A serious take on a genre that no one takes seriously
Out of the 18 movies I have so far watched at this year's Bergen International Film Festival, Beyond Clueless var the most powerful experience.
The documentary might be describes as a seamless, intuitive flow of poignant moments from well known and somewhat obscure high-school films (in all genres: drama, comedy, horror, etc) narrated with a heartfelt approach to considering the deeper content of these works. As such, it elevates the genre from the cheap and somewhat ridiculed slots of popular culture to become insightful inquiries on what it means to grow up, to go through puberty and to become an independent person. As a 25 year old, my experience of the movie was a violent rush though a huge spectrum of emotions, both unsettling and ecstatic, somewhat like that of being a teenager again, but having my entire teenage life pass through my senses in the duration of a regular movie. What I experienced was possibly some of the most genuine catharsis I have had at a cinema.

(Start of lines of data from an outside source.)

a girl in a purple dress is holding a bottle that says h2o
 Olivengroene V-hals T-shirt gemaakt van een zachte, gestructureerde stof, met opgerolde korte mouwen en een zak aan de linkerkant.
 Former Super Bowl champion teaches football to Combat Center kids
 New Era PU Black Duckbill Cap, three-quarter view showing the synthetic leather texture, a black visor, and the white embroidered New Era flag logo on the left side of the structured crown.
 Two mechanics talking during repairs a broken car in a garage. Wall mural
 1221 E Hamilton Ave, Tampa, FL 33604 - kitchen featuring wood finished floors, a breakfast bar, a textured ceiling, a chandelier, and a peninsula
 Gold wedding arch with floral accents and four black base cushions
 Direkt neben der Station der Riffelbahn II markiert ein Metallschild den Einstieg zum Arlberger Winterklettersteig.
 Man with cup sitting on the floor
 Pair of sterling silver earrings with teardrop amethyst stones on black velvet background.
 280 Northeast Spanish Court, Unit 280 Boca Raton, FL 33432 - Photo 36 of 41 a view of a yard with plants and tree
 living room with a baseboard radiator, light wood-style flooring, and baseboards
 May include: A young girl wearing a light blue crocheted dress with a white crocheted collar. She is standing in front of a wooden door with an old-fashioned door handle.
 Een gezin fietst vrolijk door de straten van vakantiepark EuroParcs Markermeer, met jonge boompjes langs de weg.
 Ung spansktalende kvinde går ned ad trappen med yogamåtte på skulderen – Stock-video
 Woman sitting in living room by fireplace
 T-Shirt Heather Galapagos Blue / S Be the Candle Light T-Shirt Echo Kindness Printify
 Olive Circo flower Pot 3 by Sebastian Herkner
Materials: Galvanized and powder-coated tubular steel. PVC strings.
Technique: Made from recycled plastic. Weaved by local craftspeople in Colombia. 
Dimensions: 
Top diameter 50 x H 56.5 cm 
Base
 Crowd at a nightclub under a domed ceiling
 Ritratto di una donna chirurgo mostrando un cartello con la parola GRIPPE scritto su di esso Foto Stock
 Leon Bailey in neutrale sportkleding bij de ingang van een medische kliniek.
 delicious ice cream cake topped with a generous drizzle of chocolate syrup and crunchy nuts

The narration was eloquent, intriguing and beautiful. As an MA in comparative literature I am qualified to assess the quality and validity of interpretations and analyses such as those that the film was making throughout the entire spoken monologue, and I must say that I was very much impressed with the writer's ability to make his views quite clear and coherent without succumbing to subjectivism or far-fetched theorism. At a few occasions the narrative and the accompanying images would intensify to a point where I was struggling to follow the line of reasoning, but this was certainly not the case most of the time.
My only disclaimer would be that since the documentary focuses on movies from the 90s and early 00s, it probably won't speak to your heart unless you grew up in this era. The director if fully aware of this though, as I heard him talk about it when asked at the Q&A after the screening in Bergen yesterday. Without a specific focus and certain limitations, the movie would never have been able to make such a deep dive into certain themes, and would easily have become a more general and perhaps vague film-historical survey.
Finally, a serious take on a genre that no one takes seriously. I never even went to an American high school, and yet I feel as if my teens and adolescent years (a vital portion of my life) have been legitimized and made meaningful. If you're a nostalgic sentimentalist in their twenties, like me, you don't want to miss this.